Changing for the better

With so many publishers trying to ‘manage decline’, Mark Williams claims it’s just too easy to blame the market rather than recognise where the problems really lie, and how to turn things around.

By Mark Williams

Although there’s considerable pressure on magazine and newspaper proprietors to deliver multi-platform content, it’s become far more difficult to cure underperforming titles, or ‘media properties’ as we perhaps must now think of them. A decade or more ago, life was much easier as just two main income streams – advertising and circulation – made it relatively straightforward for managers to identify and correct under-performance.

Sure, if the advertising team improved paginations and yields, in the interests of sustained profitability it might’ve been necessary to clamp down on the client-oriented jollies that their hubris might’ve encouraged. Ditto the need to watch, say, subs marketing cost creep, an area where just a penny or two’s increase in securing a new reader can cost thousands of pounds over the financial year. But nowadays it’s become much more complicated, and just because Excel spreadsheets can be engineered to accommodate a zillion different cost bases and income streams doesn’t mean that identifying the root causes of an ailing title is a clear-cut process. Much less the vital business of wiping the red ink off the balance sheet or launching a recovery plan.

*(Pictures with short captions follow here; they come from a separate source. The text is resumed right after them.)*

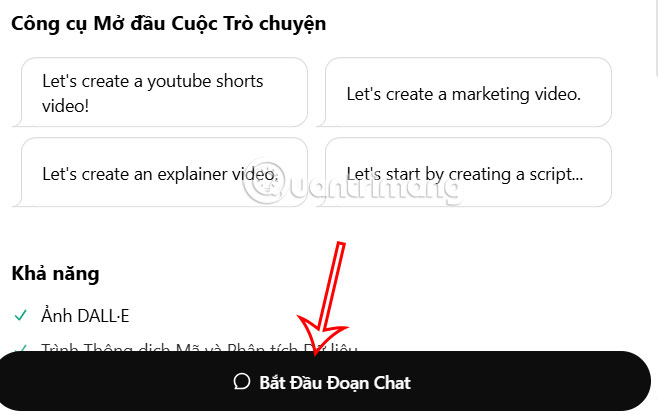 huong-dan-tao-video-tren-chatgpt-chuyen-nghiep-03.jpg
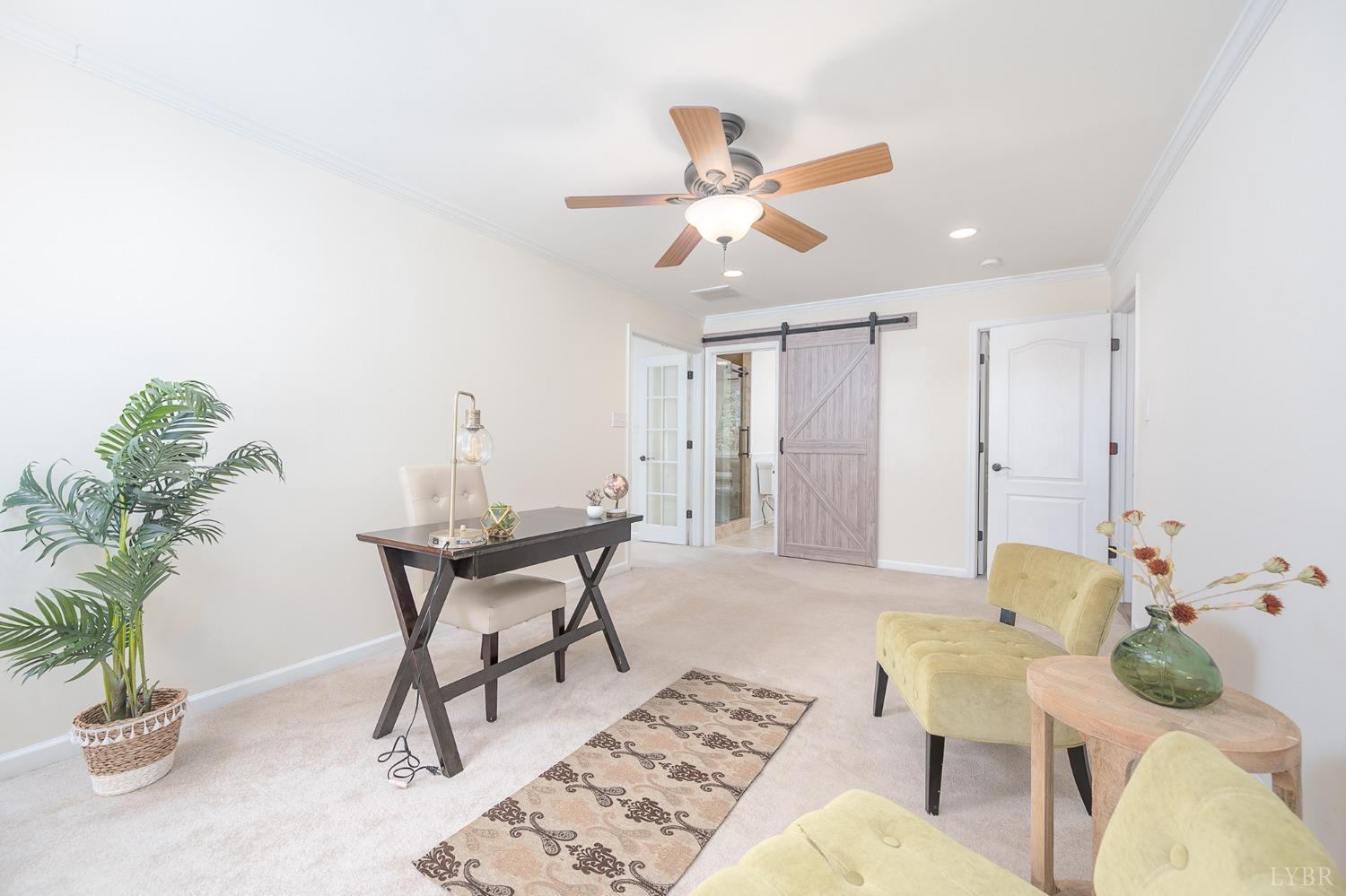 421 Harvest Court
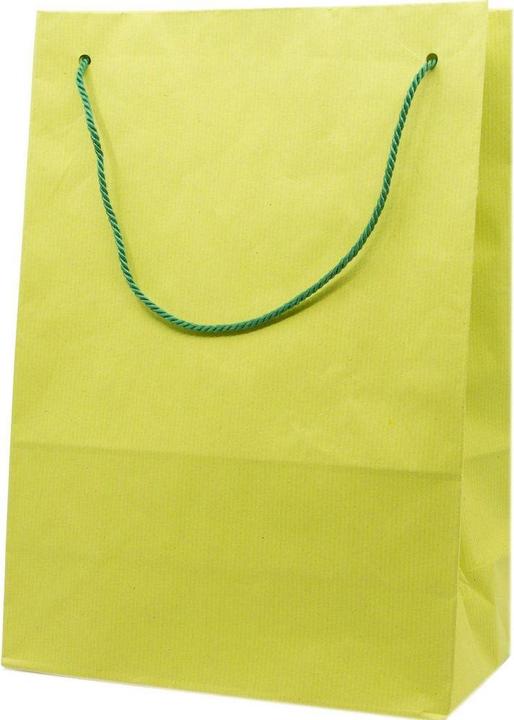 Image du produit Braun + Company Sacs-cadeaux 20 x 28 x 8 cm (Pochette cadeau, 1 x)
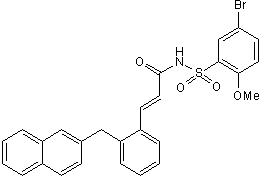 L-798,106ͼƬ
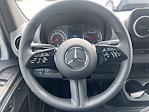2025 Mercedes-Benz Sprinter 2500 Standard Roof RWD Empty Cargo Van for sale #DC32707 - photo 18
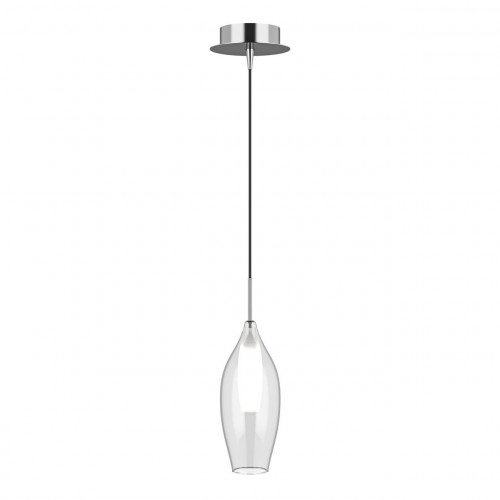 подвесной светильник lightstar pentola 803021 в Пскове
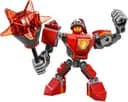 LEGO 70363 Zbroja Macy — 3
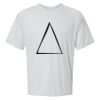 Islander Performance T-Shirt Thumbnail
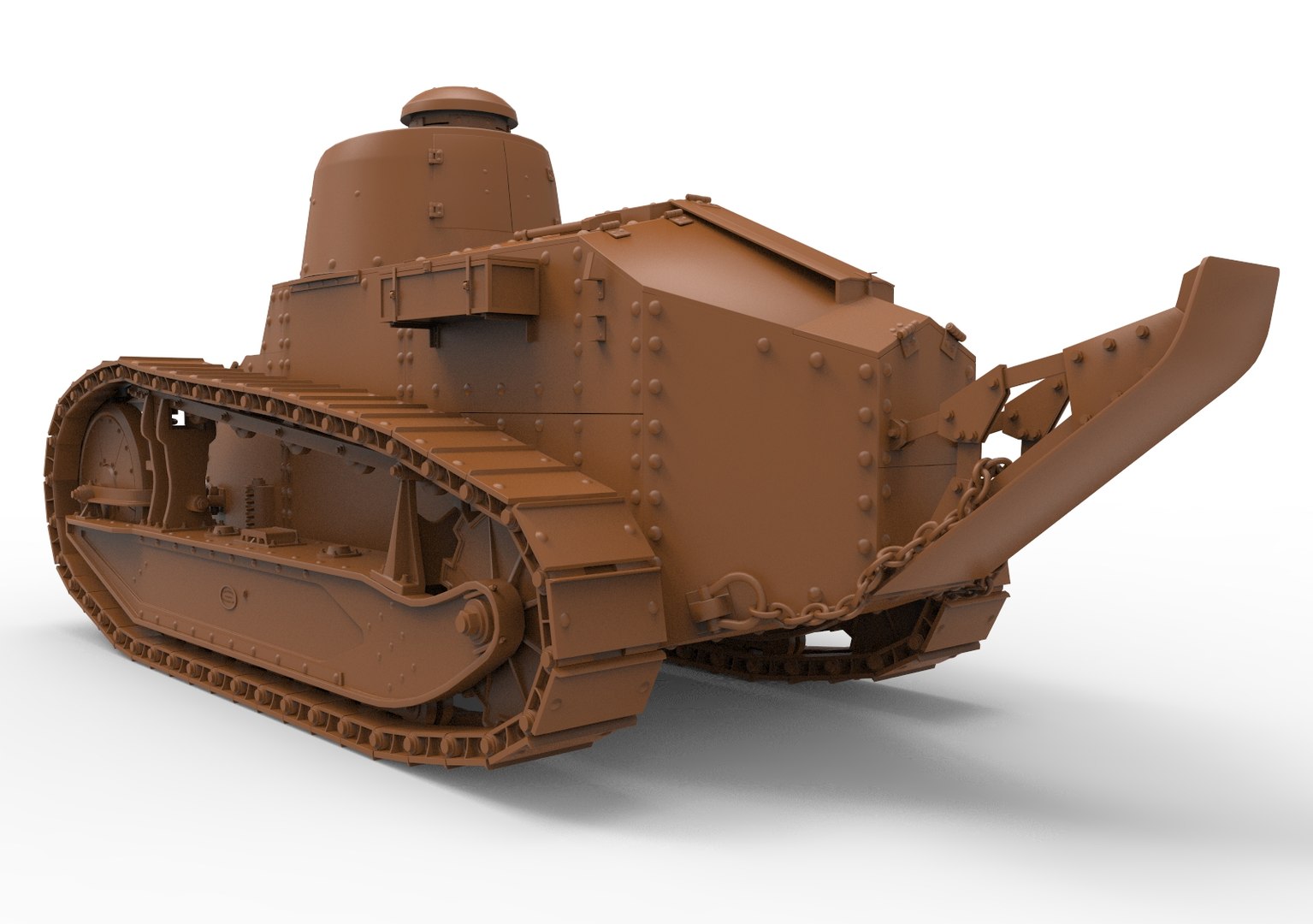 3D model tank renault ft17 https://p.turbosquid.com/ts-thumb/KC/mrbcZw/n03cpweF/untitled.210/jpg/1555615959/1920x1080/fit_q87/92439b331f3d411bf5ace51a4f15ec0bd94d2607/untitled.210.jpg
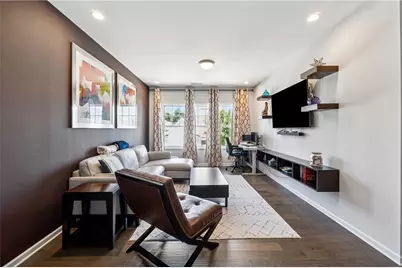 2387 Colby Court, Snellville, GA 30078 - Photo 24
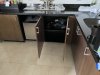 Bar_clothingstorage_Cosmo.JPG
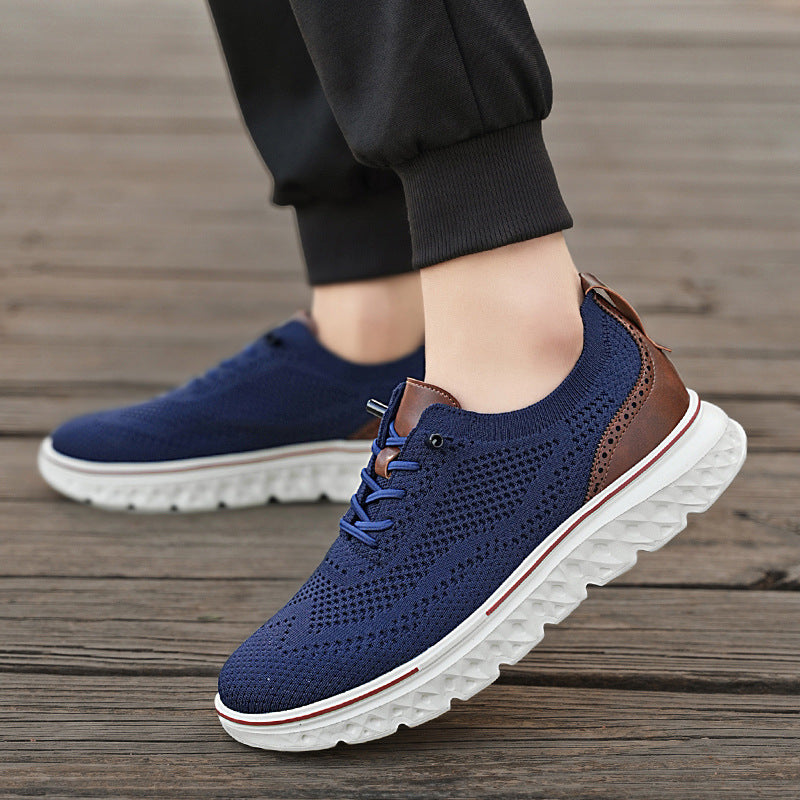 Flux Mesh-sneakers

In fact, the performance of both advertising and circulation can be boiled down to just one thing: reader appeal, and that still holds true in today’s multi-media world where, to borrow an over-used but seldom really understood epithet, ‘content is king’. Seldom understood because whilst every publisher knows that what appears on the page, the computer or mobile phone screen is crucial to securing a contented and loyal customer, the different criteria they apply to each medium are often misguided. Which is why when the bottom line gets a little shaky, wise publishers take a multilateral approach to recovery.

I’m no fan of jargon, but the term ‘holistic’ is valid here, and I’ve worked with several publishers who, having realised that something’s wrong with a title or group of titles, have been reluctant to stand back and look at the big picture before wading in with the toolbox. Think of what follows, then, as chapter headings in a virtual workshop manual that could help publishers recognise the warning signs that remedial work might be needed and, equally important, re-organise or re-focus their efforts accordingly.

Making connections

As has been eloquently argued in these pages before, it’s imperative for editors to understand what their readers really want, as opposed to what the editor, often high up on his or her hobby horse, thinks they want. Reader surveys and focus groups have their uses here and web-based panels drawn from subscribers can provide useful feedback… but they’re not infallible. An editorial team who regularly go out into the world to meet their market will garner meatier feedback than any amount of box-checking. Indeed, one small but successful title I’ve worked with, Real Classic, took that editorial modus operandi several stages further, completely eschewing the newsstand and selling only at motorcycle events its editors set up their stall at throughout the year, signing up loads of subscribers and finessing editorial policy in the process.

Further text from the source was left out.